Retarded time in Larmor's formula

Question

Let $q$ be the charge of a particle whose motion is $\mathbf y(t)$; let $\boldsymbol \beta = \dot {\mathbf {y}}/c $. Let also $\mathbf x$ be a point in space, and $r=|\mathbf x|$, $\mathbf n = \mathbf x /|\mathbf x|$.

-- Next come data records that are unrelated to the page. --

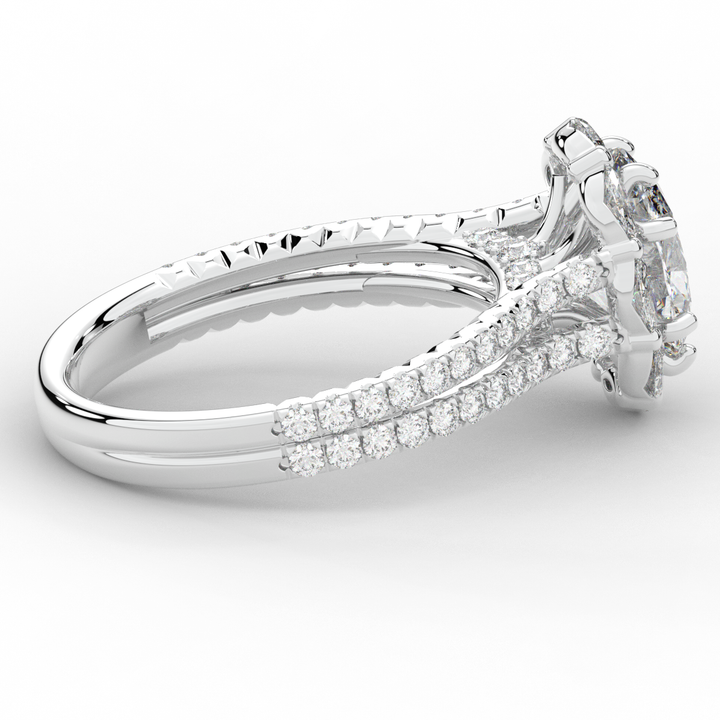 2.30CT.TW OVAL LAB DIAMOND HALO SPLIT SHANK ENGAGEMENT RING - Nazarelle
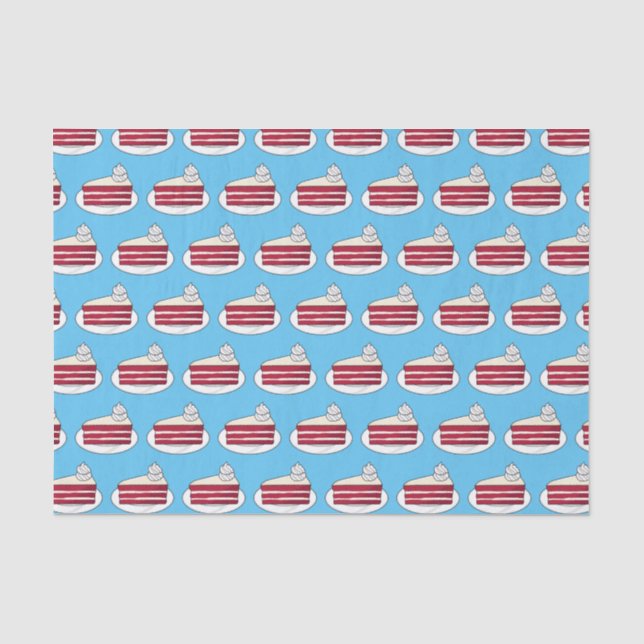 Red velvet cake cartoon illustration tissue paper (Front)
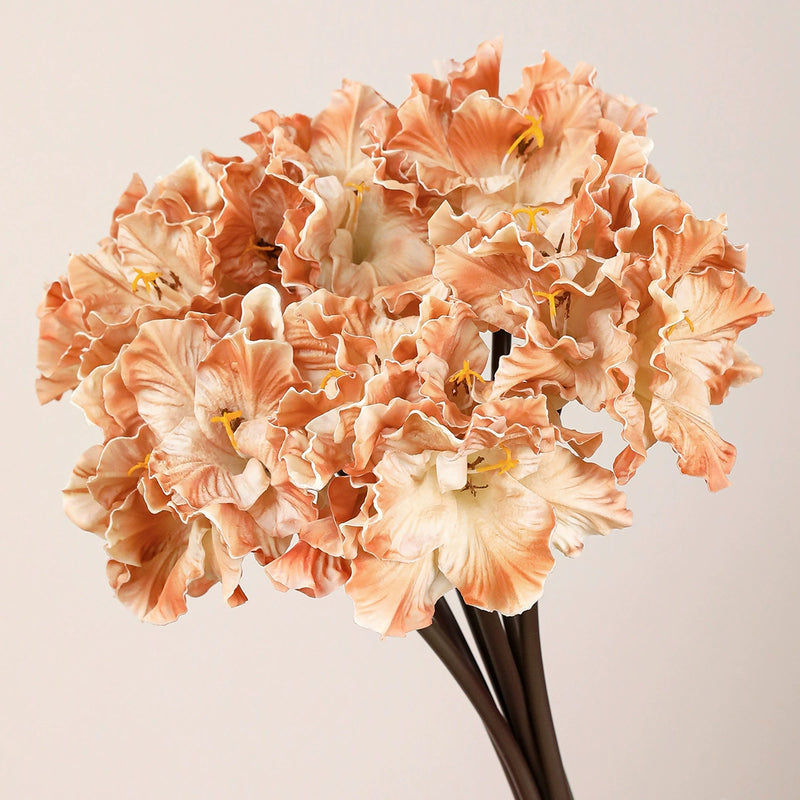 Realistic 28" Faux Clivia & Iris Arrangement, 4-Head PU Touch, Green/Purple/Brown/Orange, Perfect for Home Decor, Weddings, Events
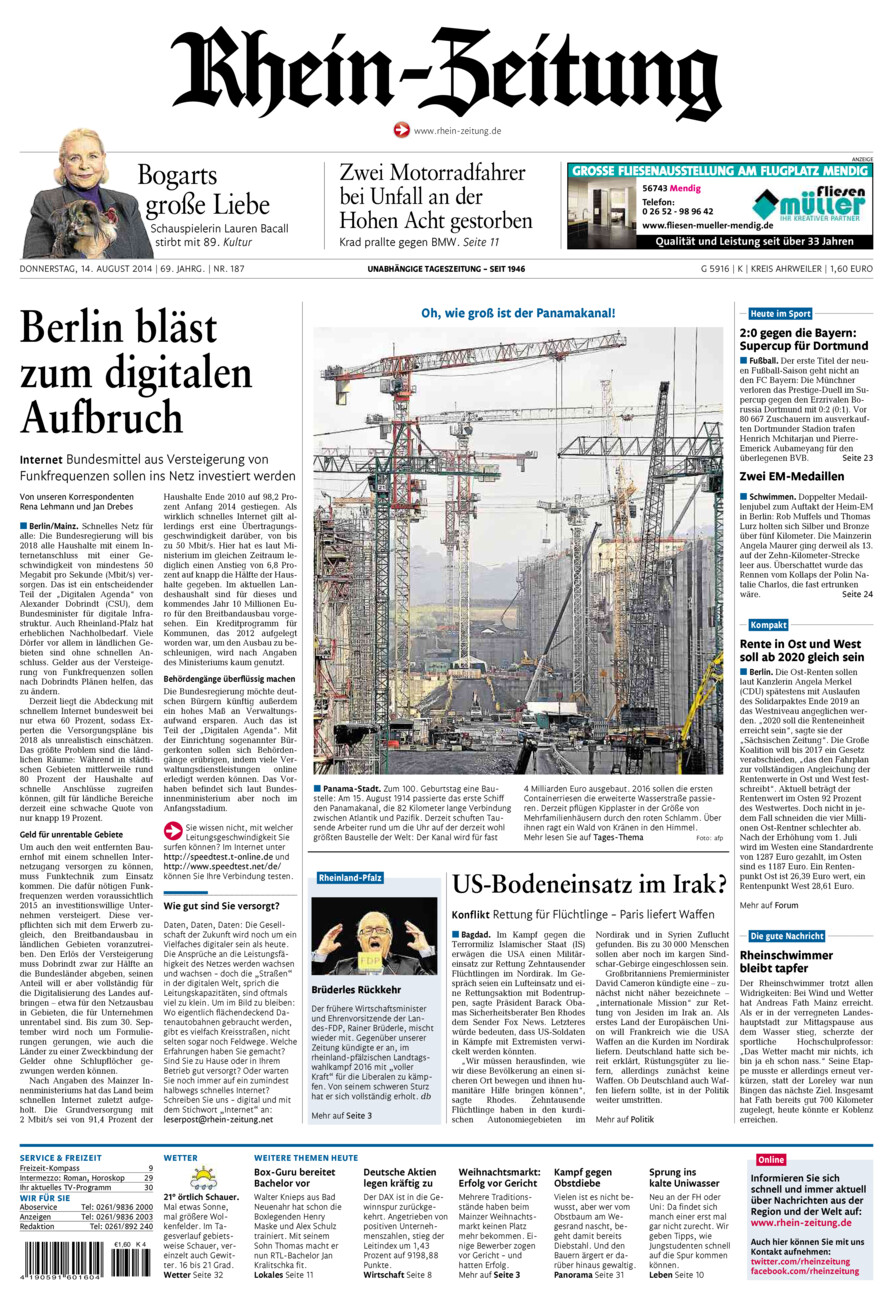 Rhein-Zeitung Kreis Ahrweiler vom Donnerstag, 14.08.2014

Consider the Liénard-Wiechert field at first order wrt $\mathbf y / r $: $$\mathbf E(t,\mathbf x)=\frac {q} {4\pi r c} \frac {\mathbf n \times [\left (\mathbf n - \boldsymbol \beta \right) \times \dot {\boldsymbol \beta}]} {(1-\mathbf n\cdot \boldsymbol \beta)^3}\,,$$ where $\boldsymbol \beta$ and $\dot {\boldsymbol \beta}$ are evaluated at the retarded time $t'$ that satisfies the implicit equation $$ct-ct'=|\mathbf x -\mathbf y(t')|\,.$$ Actually, we should expand $t'$ at first order wrt $\mathbf y/r$, too, so that yields $$t'=t-\frac r c + \mathbf n \cdot \frac {\mathbf y(t')} c + O\left(\frac {y^2} r \right)\,.$$ Now to derive Larmor's formula, if I understand correctly, we are taking the limit as $\boldsymbol \beta \to 0$, so the Liénard-Wiechert field simplifies to $$\mathbf E(t,\mathbf x)=\frac {q} {4\pi r c} {\mathbf n \times (\mathbf n \times \dot {\boldsymbol \beta})} \,.$$ The claim I've read in multiple books is that, if $\boldsymbol \beta \to 0$, we can evaluate $\dot {\boldsymbol \beta}$ at $$T=t-\frac r c\,,$$ neglecting the $\mathbf n \cdot \frac {\mathbf y(t')} c $ term. Why is it so?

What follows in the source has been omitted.